» **Work instruction**: Reproduce the section of the listing that begins at the line containing "Graphic fitness T-shirt" and finishes at the line containing "NJ license plate B72EIO". Include both end lines and nothing beyond them.

■ ■ ■ ■ ■

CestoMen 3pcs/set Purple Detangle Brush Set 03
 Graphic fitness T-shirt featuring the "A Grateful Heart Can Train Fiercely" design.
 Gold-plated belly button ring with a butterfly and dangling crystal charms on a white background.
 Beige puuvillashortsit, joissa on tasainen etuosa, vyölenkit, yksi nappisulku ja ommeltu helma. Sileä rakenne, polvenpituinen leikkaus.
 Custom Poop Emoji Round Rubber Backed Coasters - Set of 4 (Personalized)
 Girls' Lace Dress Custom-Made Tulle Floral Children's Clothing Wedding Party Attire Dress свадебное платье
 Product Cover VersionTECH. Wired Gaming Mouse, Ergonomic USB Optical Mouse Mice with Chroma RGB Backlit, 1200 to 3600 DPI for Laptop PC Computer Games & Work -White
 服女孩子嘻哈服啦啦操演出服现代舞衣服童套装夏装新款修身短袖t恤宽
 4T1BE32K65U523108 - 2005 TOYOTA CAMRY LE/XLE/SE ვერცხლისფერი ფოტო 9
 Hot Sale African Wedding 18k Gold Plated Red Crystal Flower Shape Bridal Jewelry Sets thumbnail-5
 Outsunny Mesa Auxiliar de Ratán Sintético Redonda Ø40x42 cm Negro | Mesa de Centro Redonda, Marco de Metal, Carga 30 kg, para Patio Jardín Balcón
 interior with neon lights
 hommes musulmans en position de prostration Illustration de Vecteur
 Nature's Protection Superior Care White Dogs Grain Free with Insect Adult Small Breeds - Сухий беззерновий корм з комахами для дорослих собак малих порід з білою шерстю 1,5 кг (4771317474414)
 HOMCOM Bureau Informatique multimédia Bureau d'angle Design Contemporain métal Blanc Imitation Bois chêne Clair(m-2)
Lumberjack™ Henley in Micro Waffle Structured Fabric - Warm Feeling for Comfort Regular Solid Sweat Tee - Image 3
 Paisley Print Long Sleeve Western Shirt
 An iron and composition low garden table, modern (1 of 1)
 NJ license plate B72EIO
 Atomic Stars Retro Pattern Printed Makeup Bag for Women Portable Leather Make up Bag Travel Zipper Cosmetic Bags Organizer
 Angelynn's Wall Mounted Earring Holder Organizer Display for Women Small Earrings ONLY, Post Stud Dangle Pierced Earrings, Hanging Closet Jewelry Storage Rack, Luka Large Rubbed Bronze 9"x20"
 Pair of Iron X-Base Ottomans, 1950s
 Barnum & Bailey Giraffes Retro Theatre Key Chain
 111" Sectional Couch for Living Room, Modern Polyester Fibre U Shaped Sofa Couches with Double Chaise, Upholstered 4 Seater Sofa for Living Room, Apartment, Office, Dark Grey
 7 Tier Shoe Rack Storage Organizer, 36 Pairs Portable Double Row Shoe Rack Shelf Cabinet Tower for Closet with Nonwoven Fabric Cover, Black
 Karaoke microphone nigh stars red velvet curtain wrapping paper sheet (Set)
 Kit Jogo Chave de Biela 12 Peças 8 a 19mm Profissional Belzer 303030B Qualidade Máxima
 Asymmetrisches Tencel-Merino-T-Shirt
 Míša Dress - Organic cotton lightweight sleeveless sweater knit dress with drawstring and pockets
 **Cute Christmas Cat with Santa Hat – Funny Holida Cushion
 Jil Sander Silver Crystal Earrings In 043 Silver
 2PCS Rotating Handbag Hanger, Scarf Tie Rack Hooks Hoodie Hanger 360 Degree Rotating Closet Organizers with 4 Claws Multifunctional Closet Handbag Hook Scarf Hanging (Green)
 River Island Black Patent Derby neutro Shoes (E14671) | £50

■ ■ ■ ■ ■

» **Your solution**:
 Graphic fitness T-shirt featuring the "A Grateful Heart Can Train Fiercely" design.
 Gold-plated belly button ring with a butterfly and dangling crystal charms on a white background.
 Beige puuvillashortsit, joissa on tasainen etuosa, vyölenkit, yksi nappisulku ja ommeltu helma. Sileä rakenne, polvenpituinen leikkaus.
 Custom Poop Emoji Round Rubber Backed Coasters - Set of 4 (Personalized)
 Girls' Lace Dress Custom-Made Tulle Floral Children's Clothing Wedding Party Attire Dress свадебное платье
 Product Cover VersionTECH. Wired Gaming Mouse, Ergonomic USB Optical Mouse Mice with Chroma RGB Backlit, 1200 to 3600 DPI for Laptop PC Computer Games & Work -White
 服女孩子嘻哈服啦啦操演出服现代舞衣服童套装夏装新款修身短袖t恤宽
 4T1BE32K65U523108 - 2005 TOYOTA CAMRY LE/XLE/SE ვერცხლისფერი ფოტო 9
 Hot Sale African Wedding 18k Gold Plated Red Crystal Flower Shape Bridal Jewelry Sets thumbnail-5
 Outsunny Mesa Auxiliar de Ratán Sintético Redonda Ø40x42 cm Negro | Mesa de Centro Redonda, Marco de Metal, Carga 30 kg, para Patio Jardín Balcón
 interior with neon lights
 hommes musulmans en position de prostration Illustration de Vecteur
 Nature's Protection Superior Care White Dogs Grain Free with Insect Adult Small Breeds - Сухий беззерновий корм з комахами для дорослих собак малих порід з білою шерстю 1,5 кг (4771317474414)
 HOMCOM Bureau Informatique multimédia Bureau d'angle Design Contemporain métal Blanc Imitation Bois chêne Clair(m-2)
Lumberjack™ Henley in Micro Waffle Structured Fabric - Warm Feeling for Comfort Regular Solid Sweat Tee - Image 3
 Paisley Print Long Sleeve Western Shirt
 An iron and composition low garden table, modern (1 of 1)
 NJ license plate B72EIO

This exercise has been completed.